И наконец: «Как мудро отметил в своем докладе Леонид Ильич Брежнев, коммунисты нашей многонациональной страны решили откликнуться на замечательную инициативу тружеников колхоза „Путь к коммунизму“ из поселка Комсомольск на реке Кундузда… и вот уже трудящиеся Грузии и других республик… теперь каждый член коллектива работает за себя и за Ленина… чтобы достойно выполнить взятые на себя обязательства… непоколебимая вера нашего народа в светлое будущее…»
Ни веры и ни страха! Не только в колхозе «Путь к коммунизму», а во всей многонациональной стране!

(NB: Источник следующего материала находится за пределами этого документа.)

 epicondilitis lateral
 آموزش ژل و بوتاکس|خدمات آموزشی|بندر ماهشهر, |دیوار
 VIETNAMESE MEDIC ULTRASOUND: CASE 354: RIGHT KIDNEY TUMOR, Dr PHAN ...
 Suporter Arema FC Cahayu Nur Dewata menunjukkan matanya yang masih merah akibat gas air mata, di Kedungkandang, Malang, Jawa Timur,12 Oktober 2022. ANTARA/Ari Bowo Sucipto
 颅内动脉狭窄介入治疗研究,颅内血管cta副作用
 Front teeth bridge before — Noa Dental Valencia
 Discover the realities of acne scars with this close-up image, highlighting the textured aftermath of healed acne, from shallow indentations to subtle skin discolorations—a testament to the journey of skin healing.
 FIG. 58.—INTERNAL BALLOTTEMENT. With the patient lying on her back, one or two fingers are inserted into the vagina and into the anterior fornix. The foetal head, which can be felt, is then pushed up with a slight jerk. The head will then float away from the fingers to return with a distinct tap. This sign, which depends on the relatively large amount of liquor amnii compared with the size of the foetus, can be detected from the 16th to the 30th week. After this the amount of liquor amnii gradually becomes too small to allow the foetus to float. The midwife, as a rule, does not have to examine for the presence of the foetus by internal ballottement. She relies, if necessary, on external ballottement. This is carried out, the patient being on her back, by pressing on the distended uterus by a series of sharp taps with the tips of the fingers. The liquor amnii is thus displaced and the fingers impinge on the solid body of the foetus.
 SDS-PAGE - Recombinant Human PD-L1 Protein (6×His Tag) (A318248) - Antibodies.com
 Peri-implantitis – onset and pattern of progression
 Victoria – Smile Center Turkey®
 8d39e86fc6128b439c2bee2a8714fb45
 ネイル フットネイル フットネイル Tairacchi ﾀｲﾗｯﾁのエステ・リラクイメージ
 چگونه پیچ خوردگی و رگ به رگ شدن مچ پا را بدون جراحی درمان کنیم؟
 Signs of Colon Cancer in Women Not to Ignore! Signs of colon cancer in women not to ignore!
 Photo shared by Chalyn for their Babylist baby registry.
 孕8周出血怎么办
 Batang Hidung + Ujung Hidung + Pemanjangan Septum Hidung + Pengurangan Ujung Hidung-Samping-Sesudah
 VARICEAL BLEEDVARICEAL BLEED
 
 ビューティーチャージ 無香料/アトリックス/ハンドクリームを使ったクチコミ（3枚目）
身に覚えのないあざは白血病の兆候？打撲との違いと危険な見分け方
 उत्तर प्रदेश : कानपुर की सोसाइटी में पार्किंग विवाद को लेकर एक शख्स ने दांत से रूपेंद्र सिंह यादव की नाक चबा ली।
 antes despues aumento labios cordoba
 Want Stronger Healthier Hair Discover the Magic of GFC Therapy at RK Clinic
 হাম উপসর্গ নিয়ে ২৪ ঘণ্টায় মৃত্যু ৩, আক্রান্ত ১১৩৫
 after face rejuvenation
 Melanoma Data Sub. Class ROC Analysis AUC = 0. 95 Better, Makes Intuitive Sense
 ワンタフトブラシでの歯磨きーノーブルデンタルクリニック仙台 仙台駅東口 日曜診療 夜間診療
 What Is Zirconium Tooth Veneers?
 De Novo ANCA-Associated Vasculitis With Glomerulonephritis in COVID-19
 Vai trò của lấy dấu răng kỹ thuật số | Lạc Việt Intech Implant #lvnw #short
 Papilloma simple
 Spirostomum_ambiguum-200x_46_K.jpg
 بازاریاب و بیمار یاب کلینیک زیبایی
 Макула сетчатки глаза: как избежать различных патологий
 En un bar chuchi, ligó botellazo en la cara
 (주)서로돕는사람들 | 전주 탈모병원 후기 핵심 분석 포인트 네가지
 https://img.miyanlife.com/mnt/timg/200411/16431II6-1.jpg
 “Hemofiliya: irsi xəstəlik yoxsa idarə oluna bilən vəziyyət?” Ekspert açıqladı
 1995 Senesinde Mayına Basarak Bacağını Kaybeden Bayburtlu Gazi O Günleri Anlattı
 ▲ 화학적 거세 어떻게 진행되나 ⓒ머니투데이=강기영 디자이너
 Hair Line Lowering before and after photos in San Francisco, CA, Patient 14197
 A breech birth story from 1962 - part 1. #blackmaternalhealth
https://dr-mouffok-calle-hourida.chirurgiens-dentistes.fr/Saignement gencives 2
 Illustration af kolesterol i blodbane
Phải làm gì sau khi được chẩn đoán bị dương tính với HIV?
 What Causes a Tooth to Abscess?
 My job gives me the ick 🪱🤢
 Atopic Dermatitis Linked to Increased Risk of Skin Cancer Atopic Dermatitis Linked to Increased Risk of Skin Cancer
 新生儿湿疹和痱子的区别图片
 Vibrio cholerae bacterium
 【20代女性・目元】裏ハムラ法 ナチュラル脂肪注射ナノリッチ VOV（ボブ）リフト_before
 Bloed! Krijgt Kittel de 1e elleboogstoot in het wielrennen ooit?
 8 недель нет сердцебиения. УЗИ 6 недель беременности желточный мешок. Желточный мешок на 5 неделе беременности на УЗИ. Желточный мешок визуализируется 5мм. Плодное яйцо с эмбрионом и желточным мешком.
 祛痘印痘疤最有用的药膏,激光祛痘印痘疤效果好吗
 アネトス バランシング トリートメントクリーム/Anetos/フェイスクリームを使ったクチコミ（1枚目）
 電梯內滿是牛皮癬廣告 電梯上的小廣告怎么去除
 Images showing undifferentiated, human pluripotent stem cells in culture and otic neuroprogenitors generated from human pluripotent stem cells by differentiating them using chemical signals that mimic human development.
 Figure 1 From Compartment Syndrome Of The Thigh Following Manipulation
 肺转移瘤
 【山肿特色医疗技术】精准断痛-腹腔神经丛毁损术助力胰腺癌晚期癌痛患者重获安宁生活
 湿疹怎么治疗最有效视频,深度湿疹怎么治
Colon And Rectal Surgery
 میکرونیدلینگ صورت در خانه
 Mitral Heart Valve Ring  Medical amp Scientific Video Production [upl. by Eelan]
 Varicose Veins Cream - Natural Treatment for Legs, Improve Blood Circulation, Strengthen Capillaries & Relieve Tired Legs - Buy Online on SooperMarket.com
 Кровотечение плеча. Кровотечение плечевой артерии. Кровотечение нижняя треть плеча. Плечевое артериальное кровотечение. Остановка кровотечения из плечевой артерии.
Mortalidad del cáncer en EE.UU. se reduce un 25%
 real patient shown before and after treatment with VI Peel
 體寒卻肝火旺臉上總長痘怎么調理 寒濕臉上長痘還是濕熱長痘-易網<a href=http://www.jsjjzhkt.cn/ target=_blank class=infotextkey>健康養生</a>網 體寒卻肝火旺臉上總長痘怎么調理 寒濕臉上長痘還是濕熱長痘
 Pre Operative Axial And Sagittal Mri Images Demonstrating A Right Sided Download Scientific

Отец говорил, что вера в светлое будущее умерла вместе со Сталиным, а страх развеял Хрущев. И странное дело: Сталина любили больше, чем Хрущева. Даже те, кто пострадал во время репрессий, даже те, кто отсидел. Хрущева, если не ошибаюсь, не любили вообще — он отнял веру и ничего не дал взамен.
Я потерял свою веру в светлое будущее быстрее, чем стеснительность, и навсегда. Однажды я шел по коридору к отцу в кабинет, а женщина выметала веником мусор и приговаривала себе под нос: «Пишут-пишут, а я одна — убирай!» Я увидел в ее словах глубокий смысл. Зачем это все? Мы все идем в никуда.